> [Brief]: Only what runs from the line with "Netto Marken-Discount Mäser" to the end of the data should appear in the answer, exactly as written and without pictures.

> [Data block]:
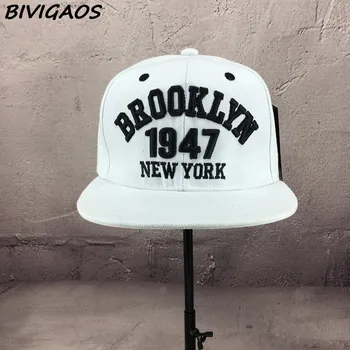 Noua Moda pentru Bărbați Snapbacks Sepci de Baseball Alb Negru 1947 BROOKLYN Litere Broderie Hip Hop Capace de Pălării de Soare Oase Pentru Barbati Femei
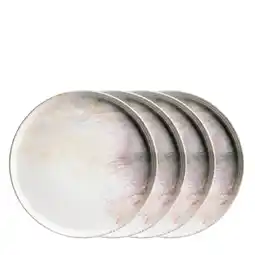 Netto Marken-Discount Mäser Platzteller-Set, Steinzeug Aquarellia Weiß, Lila Angebot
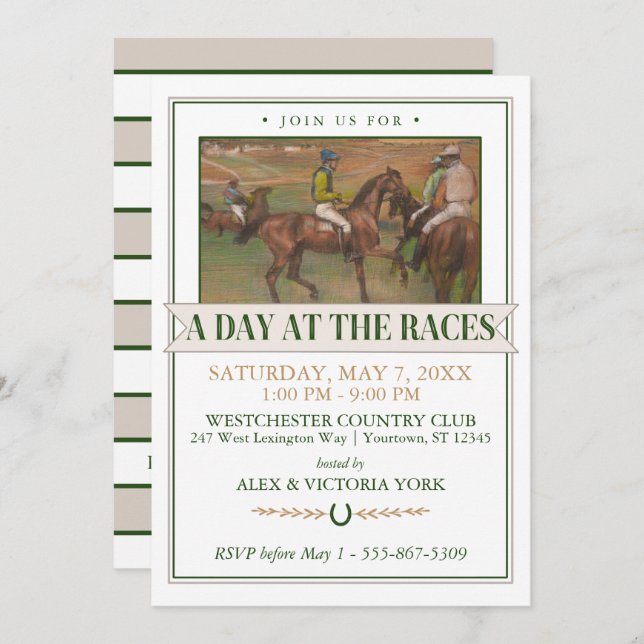 Convite Derby Horse Racing Party | Edgar Degas (Frente/Verso)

> [Result of this exercise]:
 Netto Marken-Discount Mäser Platzteller-Set, Steinzeug Aquarellia Weiß, Lila Angebot
 Convite Derby Horse Racing Party | Edgar Degas (Frente/Verso)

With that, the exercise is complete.